• _What the task requires_
From the line containing "Black & White" through the last line of the records below, output every line exactly, both ends included, except the pictures.

- - -

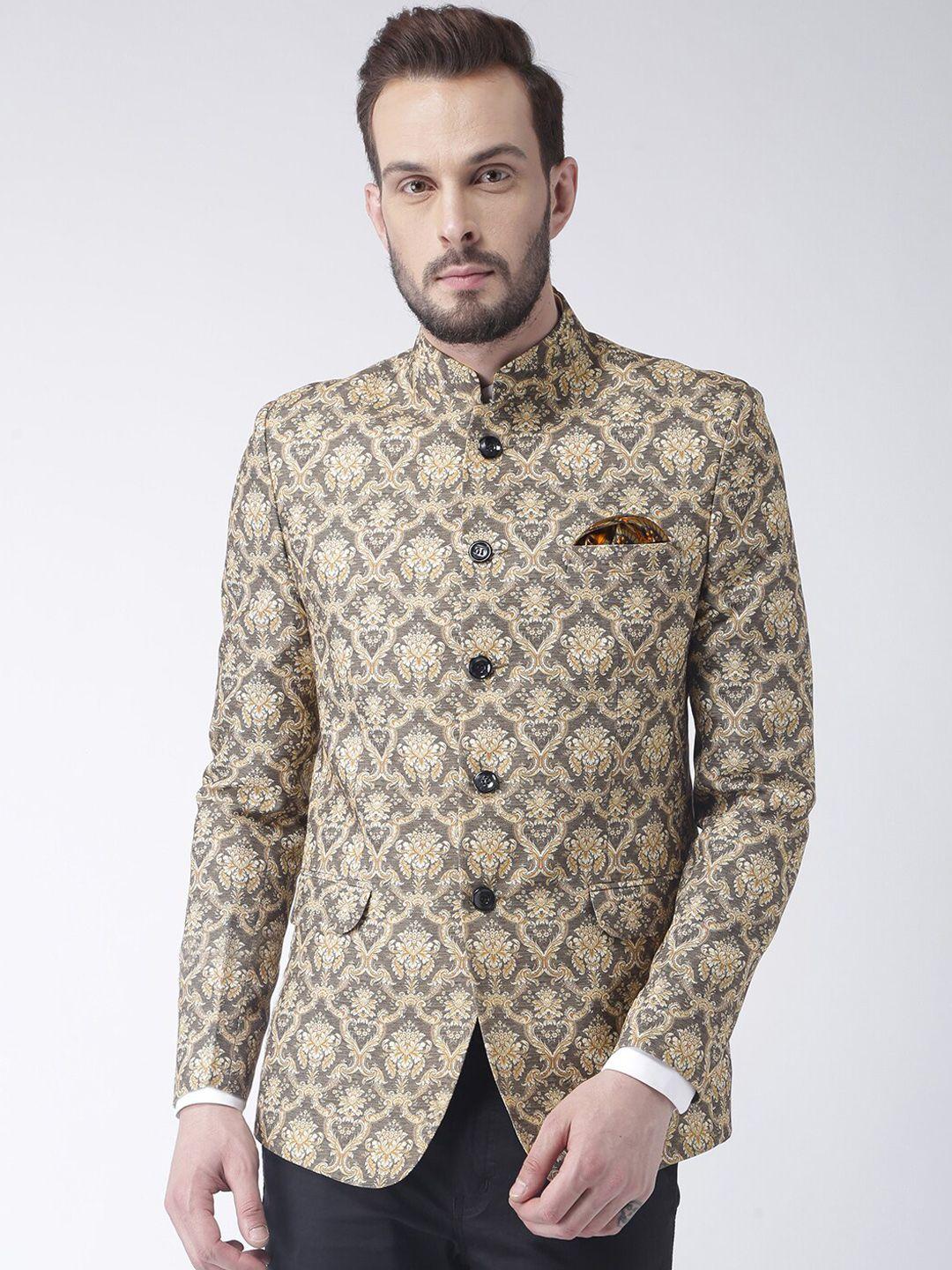 hangup trend men brown printed bandhgala regular fit ethnic blazer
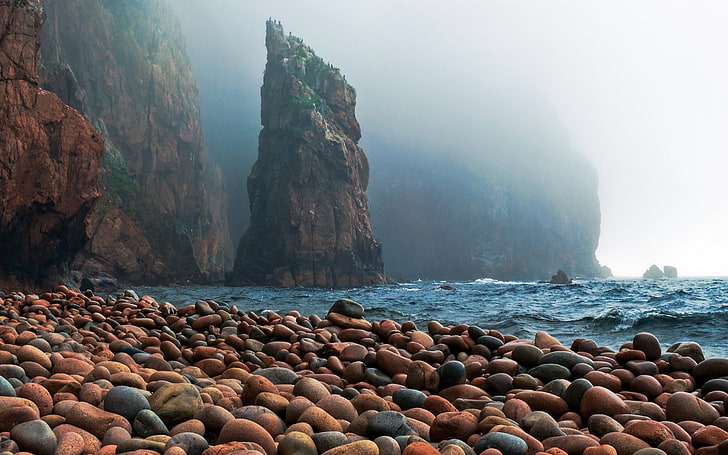 bruna och grå betongstenar, Vitaly Burke, Ryssland, stenar, kust, hav, natur, klippa, HD tapet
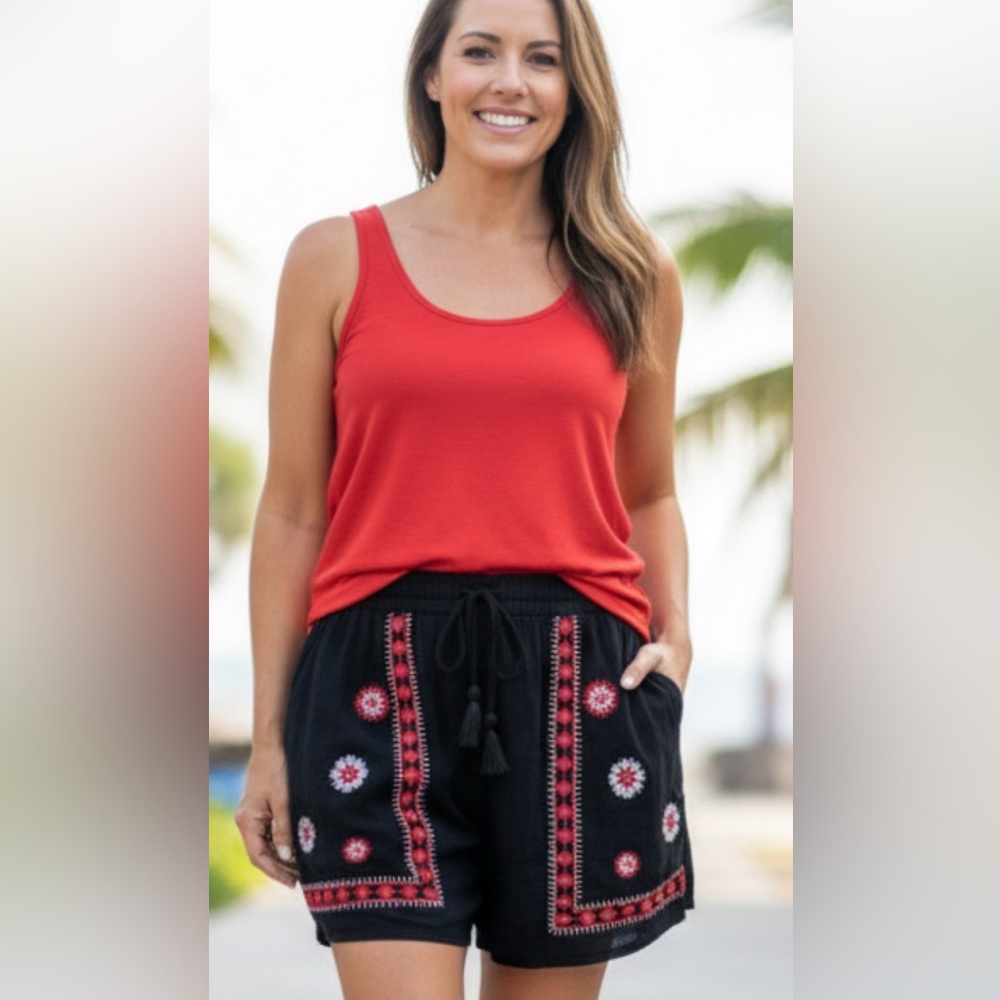 Divided black embroidery shorts size 10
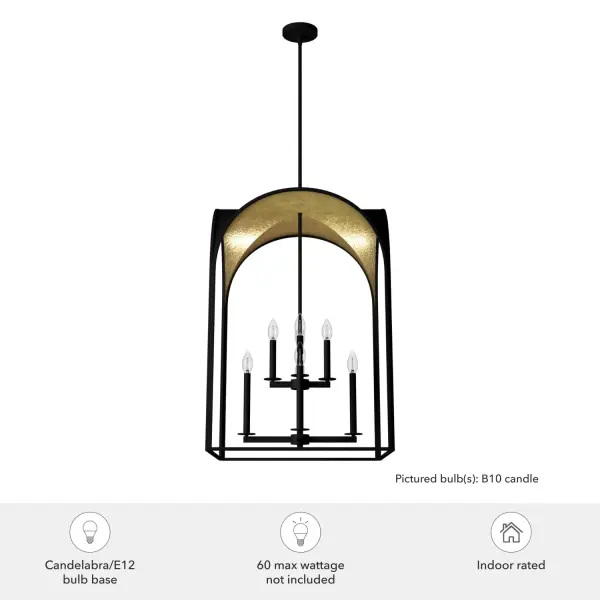 Dukestown Eight Light Pendant in Natural Black Iron - Image 3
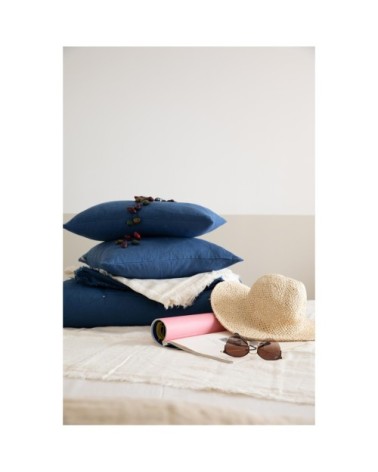 Coussin uni  en lin touareg 30 x 50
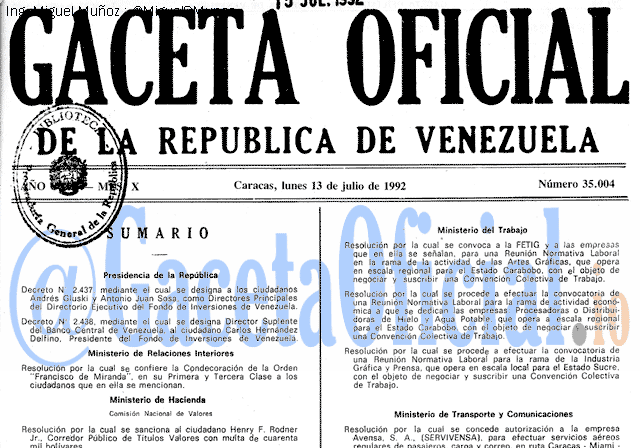 Gaceta Oficial 35004 del 13 Julio 1992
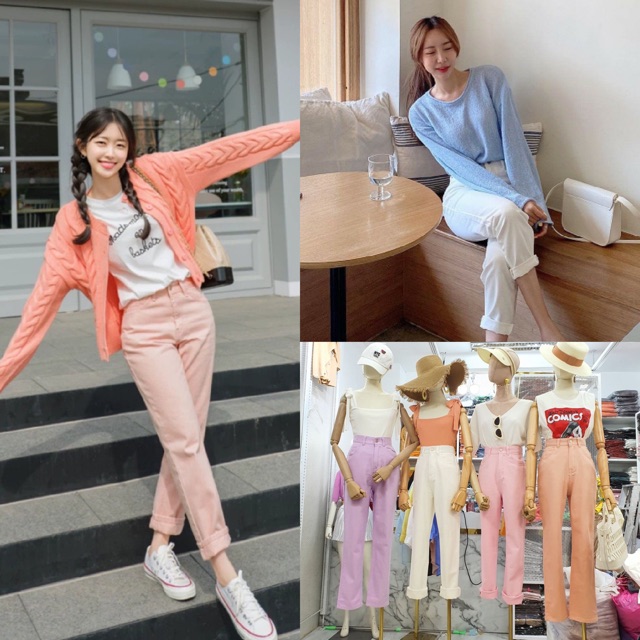กางเกงขายาวผู้หญิง ทรงกระบอกเล็กCOTTONCANDY Vintage vespoint korea pants​  (CT3A) CARDIGAN_NISTA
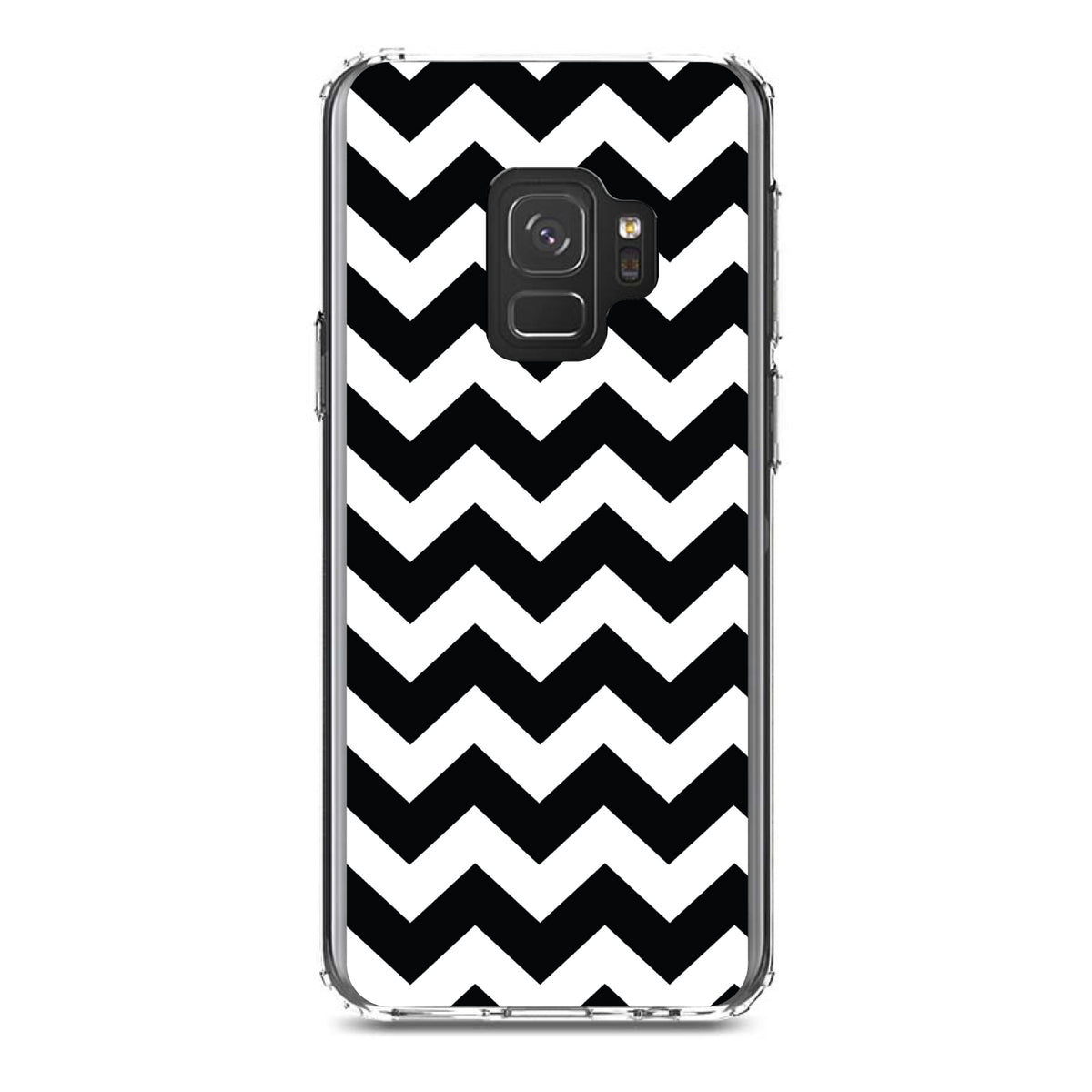 Black & White Chevron Stripes Clear Shockproof iPhone Case, view 19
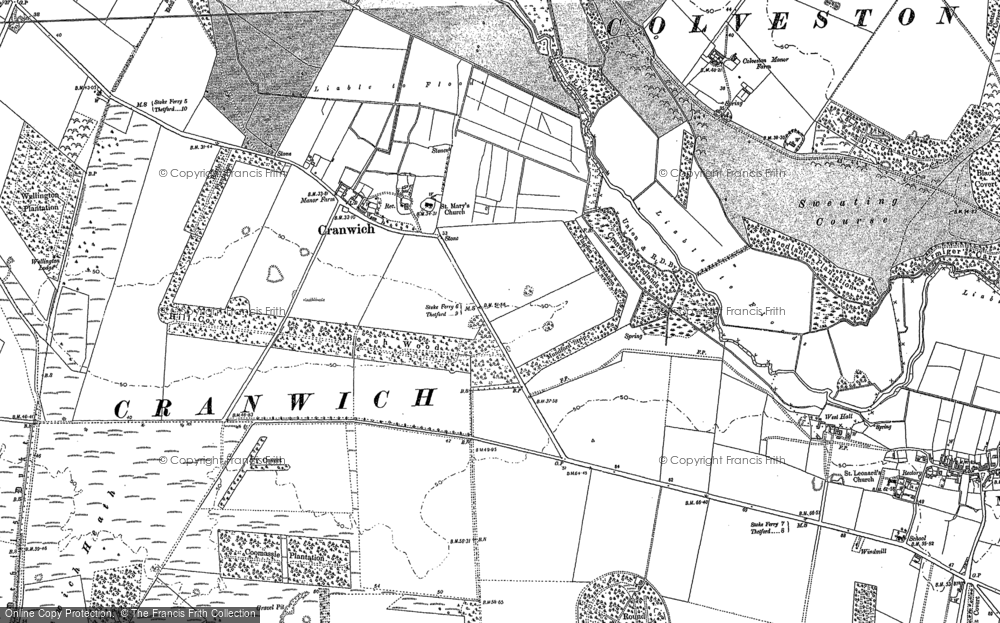 Old Map of Cranwich, 1883 in 1883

- - -

• _Answer to this exercise_
 Black & White Chevron Stripes Clear Shockproof iPhone Case, view 19
 Old Map of Cranwich, 1883 in 1883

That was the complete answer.